Resta il registro dei praticanti tenuto da ciascun Ordine regionale e, in attesa di una riforma che stabilisca un diverso titolo di studio (la laurea) valgono le norme attualmente vigenti. Le altre previsioni non riguarderanno i giornalisti. In sintesi il praticantato giornalistico va retribuito secondo i parametri contrattuali e rappresenta un rapporto di lavoro a tempo indeterminato, salvo specifiche diverse al momento dell’assunzione (cioè non si applica quanto previsto dal comma 6 dell’articolo 6). Resta confermato che il praticantato non impone, ipso facto, l’esclusiva. Occorrerà fare una riflessione sul comma 9 dello stesso articolo perché prevede che il tirocinio possa essere effettuato per un periodo non superiore a sei mesi grazie a corsi di formazione. Da una parte questo consentirà a colleghi che hanno visto cessare l’attività della loro azienda prima che siano decorsi interamente i 18 mesi (ma ne siano passati almeno 12) di completare il percorso, ma evidenzia la necessità di aumentare la pratica nei Master abilitanti.
Entro un anno dall’entrata in vigore del decreto, il Consiglio nazionale dell’Ordine, previo parere del Ministero, dovrà emanare il regolamento per la formazione dei praticanti (comma 10 articolo 6).

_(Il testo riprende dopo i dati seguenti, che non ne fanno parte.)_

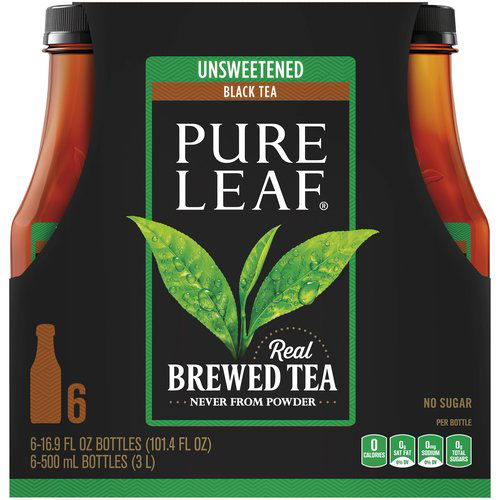 Pure Leaf Tea, Unsweetened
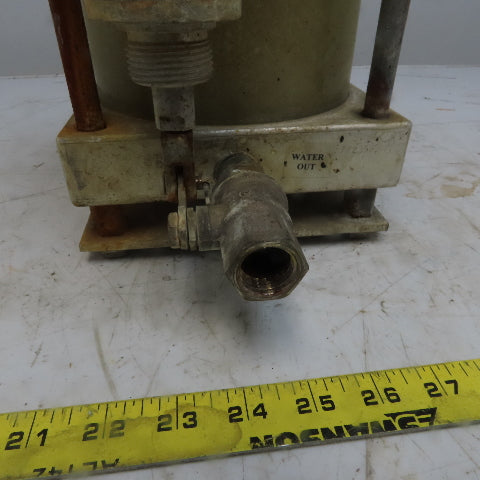 Darin-All RH50-0LAAA 1700 1/2" Automatic Tank Drain Compressor Condensation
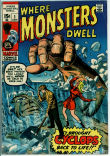Where Monsters Dwell 1 (VG/FN 5.0)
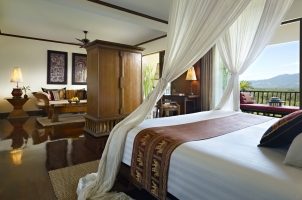 Anantara Golden Triangle - country view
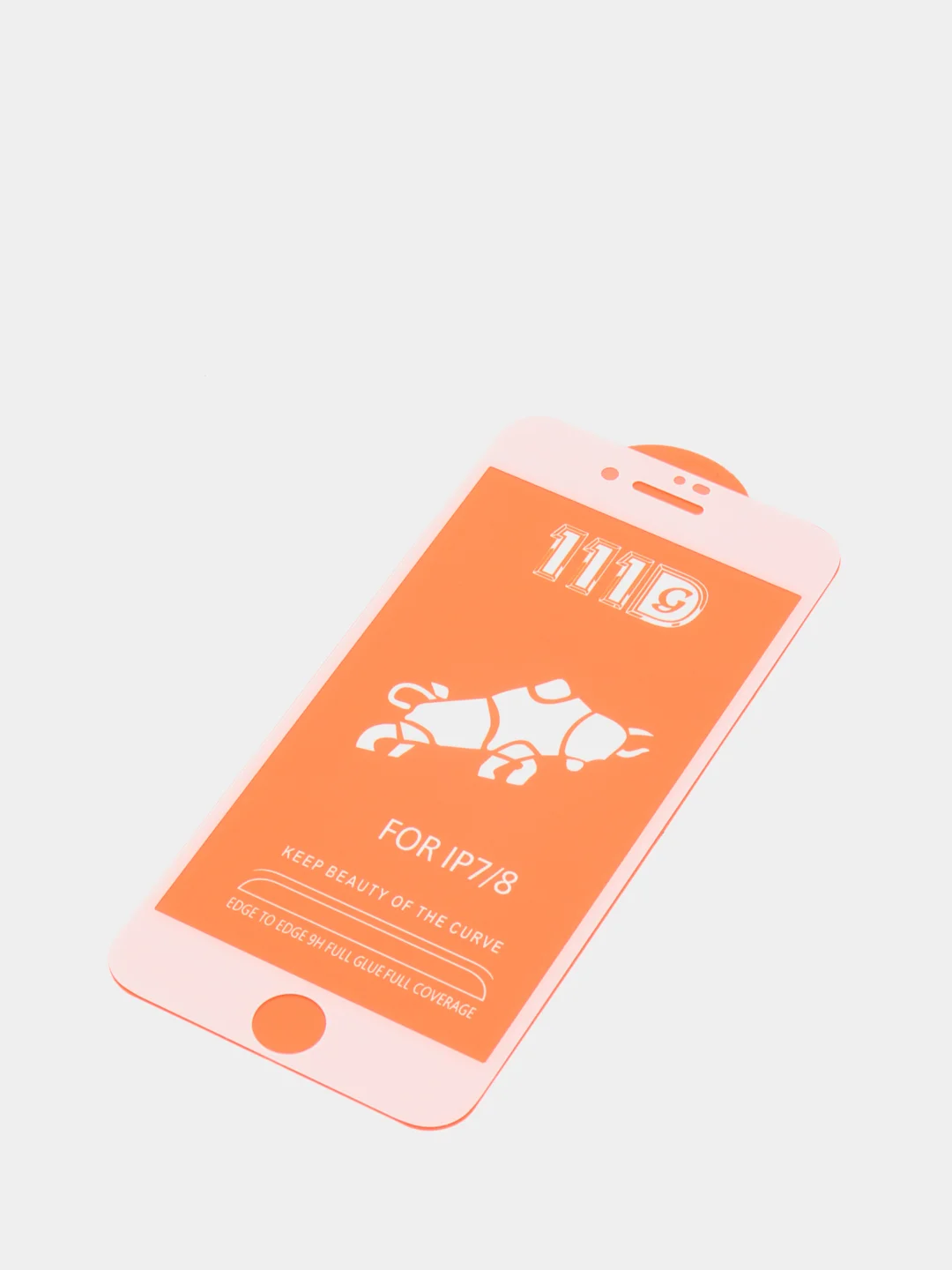 Белый защитное стекло для айфон iPhone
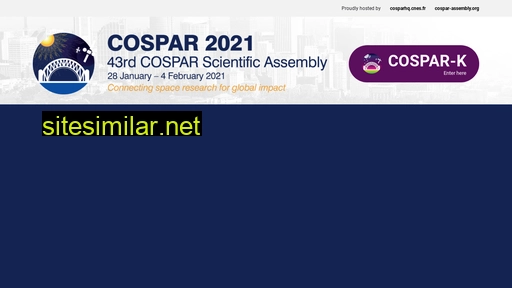 cospar2020.org alternative sites
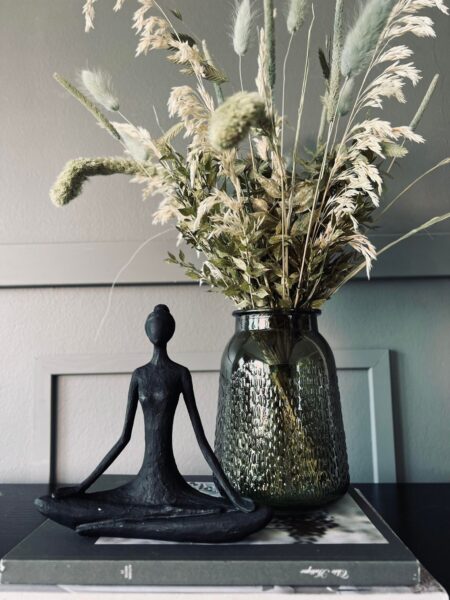 Vase Dark green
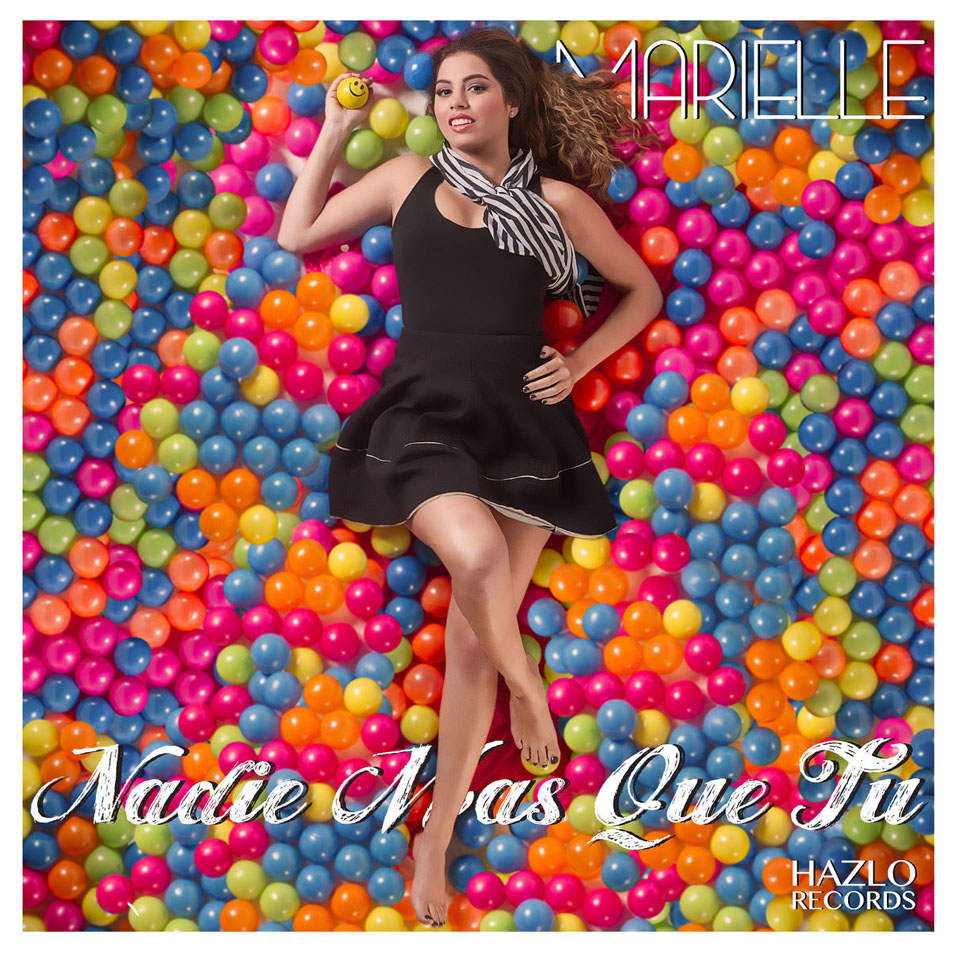 Cartula Frontal de Marielle Hazlo - Nadie Mas Que Tu (Urbano) (Cd Single)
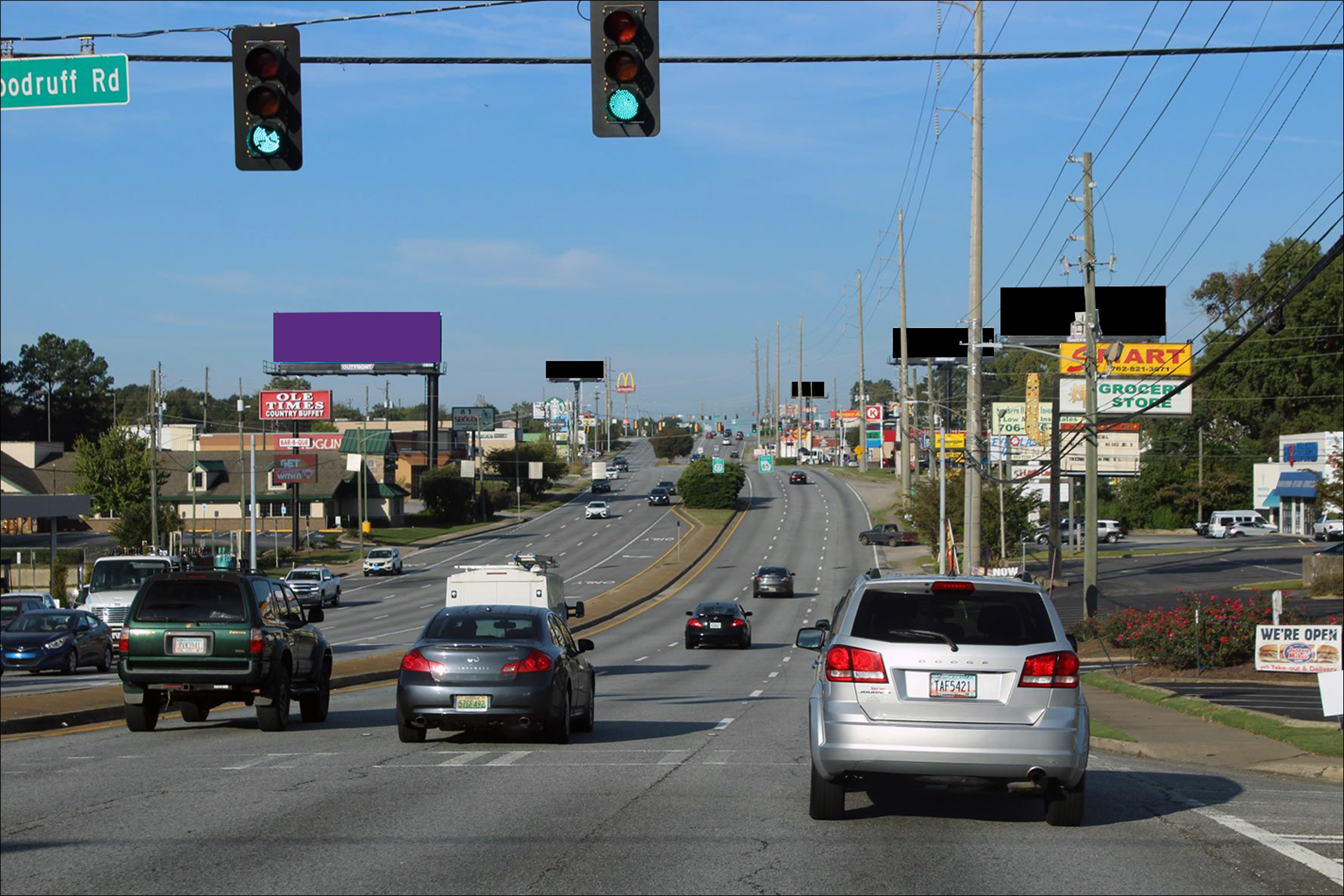 S/S North X-Way E/O 17Th Ave.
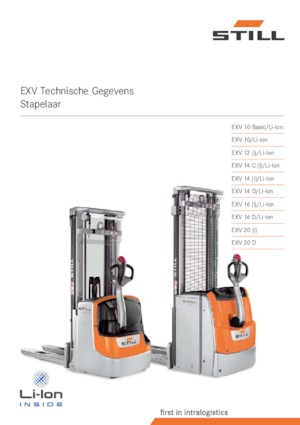 Hodajući viličar Still EXV 14 C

Occorrerà verificare se si applica anche all’Odg l’ipotesi che si possa permanere nel registro dei praticanti per un massimo di cinque anni (ora sono tre).
PUBBLICITÀ DELLE PRESTAZIONI PROFESSIONALI.
Viene liberalizzata definitivamente la pubblicità informativa (articolo 4), ribadendo le disposizioni del decreto Bersani (Dl 223/2006, convertito nella legge 248/2006) e facendo propri alcuni principi evidenziati dal rapporto conclusivo dell’indagine conoscitiva 34/2009 del l’Antitrust.
A causa della formulazione letterale del comma 1 dell’articolo 4 secondo cui si può comunicare «l’attività delle professioni regolamentate», potrebbe sorgere il dubbio della legittimità della pubblicizzazione di prodotti e servizi complementari non citati nei singoli ordinamenti professionali (per esempio lo studio che eroga corsi di formazione). Da questo punto di vista appariva più calzante la legge Bersani che parlava invece di «caratteristiche del servizio offerto».
Rispetto alla legge Bersani, nella relazione ministeriale al nuovo provvedimento si precisa che la pubblicità comparativa «in senso stretto» non è ammessa. Significa, in pratica, che non si può citare esplicitamente un professionista concorrente.
Nella definizione di «pubblicità funzionale all’oggetto» che pure era stata stigmatizzata dal Consiglio di Stato, si apre il problema delle sponsorizzazioni di eventi sportivi, artistici, culturali o a scopo di beneficenza, che qualche studio “top” già da tempo effettua per motivi di immagine: adesso sarà necessario chiarire se saranno ritenuti «funzionali all’oggetto» della professione, o se invece saranno vietate.
La «preventiva verifica della pubblicità da parte degli Ordini», contenuta nel provvedimento Bersani, non compare nel testo del Dpr: questa mancanza si presta ad essere interpretata come il venir meno della possibilità di preventiva verifica della pubblicità da parte degli Ordini, che già l’Antitrust aveva ritenuto comportamento potenzialmente lesivo della concorrenza. Rimane immutato, invece, il potere di verifica ed eventuale sanzione ex post, anche se un elevato ricorso massiccio a forme pubblicitarie potrebbe rendere difficoltoso per le strutture ordinistiche la gestione del contenzioso.
Dal punto di vista delle tutele per i clienti o per i competitor, si possono individuare due canali diversi e concomitanti: quella della segnalazione all’Ordine e quella della segnalazione all’Antitrust.
Al competitor che ravvisasse comportamenti non conformi da parte dei colleghi rimane aperta secondo un recente filone giurisprudenziale anche la via dell’applicazione dell’articolo 2598 del Codice civile e delle relative azioni e rimedi anche cautelari.